MP3tunes.com founder Michael Robertson has predicted not only that EMI will lose, but that when it does, other labels will have no choice but to become more reasonable in licensing music to clouds from Amazon, Google, and others.
An MP3tunes victory would also clarify who owns the music on a consumer's computer – the consumer or the labels – and whether consumers are allowed to upload and play their tunes on other PCs or devices without paying extra fees.
"The court's issue is: can you store personal media online, can you play it back, can you transcode it?" Robertson told The Register. "Those are core issues in our case, and they will be decided and I think we will win.
"They [EMI] started the clock four years ago with us and they can't play that for another five years - that's going to come to a head this summer, and when that comes to a head they are going to have lost and the law is clear."
The thesis behind EMI's entire argument is simple: you do not own the music you paid money for, you are simply renting it from EMI
MP3tunes.com is a music locker, a service that lets you upload and store your music to the web and tthen play your tunes on a PC or some other device. It has one million users.
The company is five years old and music lockers have been around for 11, but Google and Amazon - giants in their corners of the internet - are now getting into the game. Within the last two months, the two companies launched the Google Music beta and the Amazon Cloud Drive.
Apple, already huge in online music thanks to iTunes, is also expected to launch a locker at its Worldwide Developers Conference (WDC) next month in San Francisco, California.
But there's a big difference. Apple has reportedly paid three of the four big labels to license their music, while Google and Amazon - like MP3tunes.com - have not signed licenses. Amazon reportedly surprised the labels with its launch, but Google was apparently in talks to pay the labels $100m befor they backed out because of concern that Google search and YouTube often point to pirated music.
The labels are not happy, and they made it clear they could deploy lawyers. A Sony spokesperson told Reuters upon Amazon's launch. "We hope that they'll reach a new license deal, but we're keeping all of our legal options open," Sony said.
The labels aren't shy about deploying lawyers. EMI's case hit both MP3tunes and its sister site Sideload.com, both of which were founded by digital music veteran and tech entrepreneur Roberston. EMI claims (warning: PDF) that MP3tunes.com has infringed its rights to the performance, reproduction, and redistribution of its works. For EMI, if you upload music that you ownjfrom your PC to a third-party service, you are illegally copying the material. Streaming or copying to a different PC are also seen as acts of illegal distribution.
EMI believes that you must either buy a copy of Lady Antibellum's Need You Now for every PC, iPod, or smartphone you want to play it on, or that you must pay EMI every time you play Need You Now on a new device. For EMI, you do not own the music you paid money for. You are simply renting it from EMI.
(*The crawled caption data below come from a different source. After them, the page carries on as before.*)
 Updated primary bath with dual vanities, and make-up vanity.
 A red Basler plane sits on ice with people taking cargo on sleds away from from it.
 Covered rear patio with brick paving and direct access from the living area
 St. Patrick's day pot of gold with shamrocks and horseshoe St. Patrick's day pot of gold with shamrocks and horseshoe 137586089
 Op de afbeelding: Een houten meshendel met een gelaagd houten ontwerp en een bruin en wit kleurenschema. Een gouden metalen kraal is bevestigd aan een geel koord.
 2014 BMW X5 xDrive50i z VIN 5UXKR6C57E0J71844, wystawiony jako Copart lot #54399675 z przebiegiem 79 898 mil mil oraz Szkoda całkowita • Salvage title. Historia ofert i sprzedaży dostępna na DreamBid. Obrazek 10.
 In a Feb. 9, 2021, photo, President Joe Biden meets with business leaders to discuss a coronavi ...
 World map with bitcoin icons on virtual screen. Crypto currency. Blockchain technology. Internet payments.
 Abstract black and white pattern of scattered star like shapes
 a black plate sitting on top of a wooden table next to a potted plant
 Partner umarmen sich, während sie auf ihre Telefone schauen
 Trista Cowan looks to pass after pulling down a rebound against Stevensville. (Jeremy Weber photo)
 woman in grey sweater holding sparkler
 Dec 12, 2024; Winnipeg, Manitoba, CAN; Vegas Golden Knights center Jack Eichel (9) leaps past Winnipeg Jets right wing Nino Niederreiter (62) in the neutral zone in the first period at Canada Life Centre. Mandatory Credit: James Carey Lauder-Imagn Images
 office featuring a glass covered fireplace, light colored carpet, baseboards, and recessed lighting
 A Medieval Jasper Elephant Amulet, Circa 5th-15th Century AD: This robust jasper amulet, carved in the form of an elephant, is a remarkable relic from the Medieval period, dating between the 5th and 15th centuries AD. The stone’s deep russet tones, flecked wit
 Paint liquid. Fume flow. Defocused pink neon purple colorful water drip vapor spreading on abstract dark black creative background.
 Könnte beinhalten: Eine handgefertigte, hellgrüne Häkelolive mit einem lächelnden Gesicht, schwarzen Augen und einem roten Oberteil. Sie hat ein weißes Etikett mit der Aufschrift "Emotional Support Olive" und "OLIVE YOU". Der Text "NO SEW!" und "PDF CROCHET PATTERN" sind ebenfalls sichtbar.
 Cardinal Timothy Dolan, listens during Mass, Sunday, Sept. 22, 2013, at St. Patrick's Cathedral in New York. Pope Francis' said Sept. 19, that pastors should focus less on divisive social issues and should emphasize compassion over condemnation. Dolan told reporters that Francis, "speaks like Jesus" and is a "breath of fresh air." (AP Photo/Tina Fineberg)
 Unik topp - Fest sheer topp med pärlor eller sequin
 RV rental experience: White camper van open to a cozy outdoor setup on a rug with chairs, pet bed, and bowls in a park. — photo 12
EMI's case also targets Robertson's Sideload.com, a music search engine that lets you stream music and store copies in your music locker. Using Sideload.com, you are doing nothing different to what you could do using Google search, in terms of looking for music available online and then saving or streaming it using the player on your PC, iPod, or smartphone.
Labels like Sony want music lockers and music services to take out a license that nails down download and play rights for the service provider or consumer.